I know the difference that’s why I said mostly joking. But, links from references to the journal would note notability. Just because a journal is published by Adair county library and ribs joint does not mean it is not notable. 90% of Wikipedia fails the notability test AManWithNoPlan (talk) 01:48, 11 September 2018 (UTC)

{{notabug}} AManWithNoPlan (talk) 14:04, 20 September 2018 (UTC)

Don't forget to add author dots

Status
Feature request
Reported by
Headbomb {t · c · p · b} 23:46, 25 August 2018 (UTC)
What happens
Adds |first=M. M
What should happen
Adds |first=M. M.
Relevant diffs/links
[13]
We can't proceed until
Feedback from maintainers


The meta data does not have them. That’s the problem. AManWithNoPlan (talk) 22:15, 27 August 2018 (UTC)

Bot logic in those cases: If in any of |first#= in a citation you find the pattern (^| )[A-z]\., replace (^| )([A-z])( |$) with $1$2. in all other |first#= found in the citation.
Could be retroactive on existing uses of |first#= too. It's a really really widespread problem. Headbomb {t · c · p · b} 01:49, 28 August 2018 (UTC)
Harry S Truman would not approve, but we can fix this. AManWithNoPlan (talk) 16:25, 28 August 2018 (UTC)
https://github.com/ms609/citation-bot/pull/760 AManWithNoPlan (talk) 03:10, 12 September 2018 (UTC)
{{fixed}} AManWithNoPlan (talk) 14:05, 20 September 2018 (UTC)

Edit summary when expanding raw url

In https://en.wikipedia.org/w/index.php?title=Khanate_of_Kazan&diff=prev&oldid=856050147 the bot expands from an URL to a {{cite journal}}, which is amazing! However, the bot should mention this in the edit summary somehow. (tJosve05a (c) 14:38, 22 August 2018 (UTC)

report to user https://github.com/ms609/citation-bot/pull/764 AManWithNoPlan (talk) 22:23, 12 September 2018 (UTC)
report to edit summary https://github.com/ms609/citation-bot/pull/765 AManWithNoPlan (talk) 22:23, 12 September 2018 (UTC)
{{fixed}} AManWithNoPlan (talk) 14:07, 20 September 2018 (UTC)

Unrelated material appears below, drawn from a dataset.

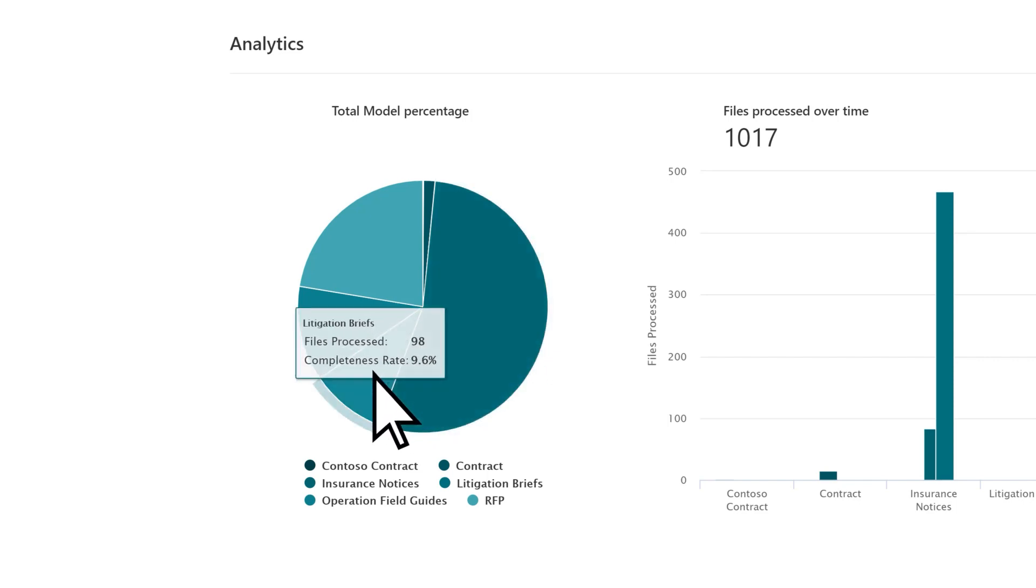Low values can indicate problems with the model's efficiency or with the uploading and analysis of files.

When running from a category, mention the category

this edit was triggered via

  • https://tools.wmflabs.org/citations/category.php?edit=toolbar&slow=1&user=Headbomb&cat=Livestock%20stubs

With the edit summary

This should instead be

https://github.com/ms609/citation-bot/pull/763 AManWithNoPlan (talk) 21:37, 12 September 2018 (UTC)
{{fixed}} AManWithNoPlan (talk) 14:09, 20 September 2018 (UTC)

API: Make output more user friendly

When you run the page, you are presented with

Follow Citation bot’s progress below.
More details | Bot’s recent edits | Report bugs | Source code

Activated by Headbomb.

> Expanding 'Ununennium'; will commit edits.
Reading authentication tokens from tools.wmflabs.org.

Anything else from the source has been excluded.